Exercise : 1

These problems should be tried after module 08 is completed.

1. [10 points] Suppose you are given a program that does a fixed amount of work, and some fraction s of that work must be done sequentially. The remaining portion of the work is perfectly parallelizable on P processors. Derive a formula for execution time on P processors and establish an upper bound on the achievable speedup.

2. [40 points] Suppose you want to transfer n bytes from a source node S to a destination node D and there are H links between S and D. Therefore, notice that there are H+1 routers in the path (including the ones in S and D). Suppose W is the node-to-network bandwidth at each router. So at S you require n/W time to copy the message into the router buffer. Similarly, to copy the message from the buffer of router in S to the buffer of the next router on the path, you require another n/W time. Assuming a store-and-forward protocol total time spent doing these copy operations would be (H+2)n/W and the data will end up in some memory buffer in D. On top of this, at each router we spend R amount of time to figure out the exit port. So the total time taken to transfer n bytes from S to D in a store-and-forward protocol is (H+2)n/W+(H+1)R. On the other hand, if you assume a cut-through protocol the critical path would just be n/W+(H+1)R. Here we assume the best possible scenario where the header routing delay at each node is exposed and only the startup n/W delay at S is exposed. The rest is pipelined. Now suppose that you are asked to compare the performance of these two routing protocols on an 8x8 grid. Compute the maximum, minimum, and average latency to transfer an n byte message in this topology for both the protocols. Assume the following values: W=3.2 GB/s and R=10 ns. Compute for n=64 and 256. Note that for each protocol you will have three answers (maximum, minimum, average) for each value of n. Here GB means 10^9 bytes and not 2^30 bytes.

3. [20 points] Consider a simple computation on an nxn double matrix (each element is 8 bytes) where each element A[i][j] is modified as follows. A[i][j] = A[i][j] - (A[i-1][j] + A[i+1][j] + A[i][j-1] + A[i][j+1])/4. Suppose you assign one matrix element to one processor (i.e. you have n^2 processors).
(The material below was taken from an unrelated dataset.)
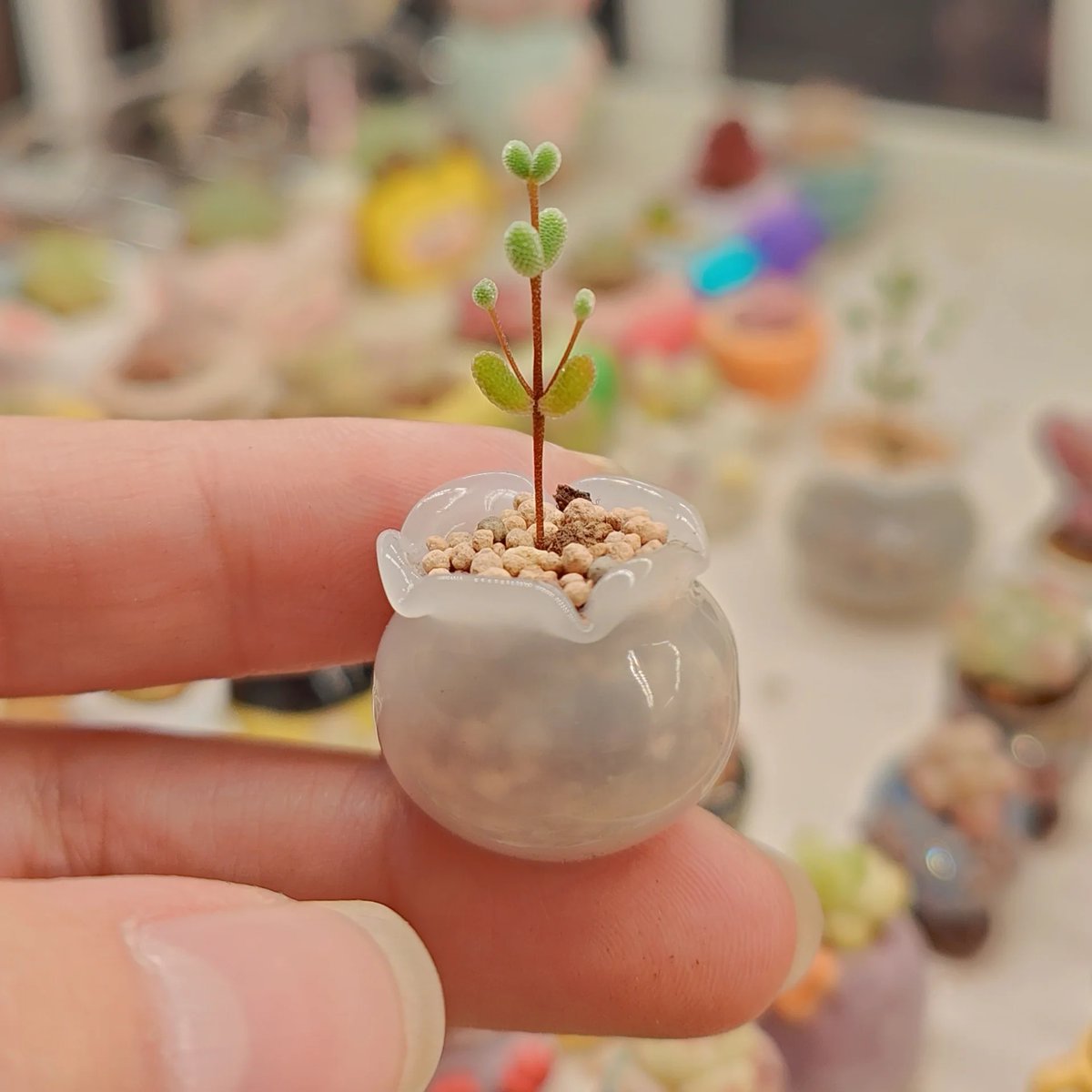 colin wilson tweet media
Compute the total amount of data communication between processors.

4. [30 points] Consider a machine running at 10^8 instructions per second on some workload with the following mix: 50% ALU instructions, 20% load instructions, 10% store instructions, and 20% branch instructions. Suppose the instruction cache miss rate is 1%, the writeback data cache miss rate is 5%, and the cache line size is 32 bytes. Assume that a store miss requires two cache line transfers, one to load the newly updated line and one to replace the dirty line at a later point in time. If the machine provides a 250 MB/s bus, how many processors can it accommodate at peak bus bandwidth?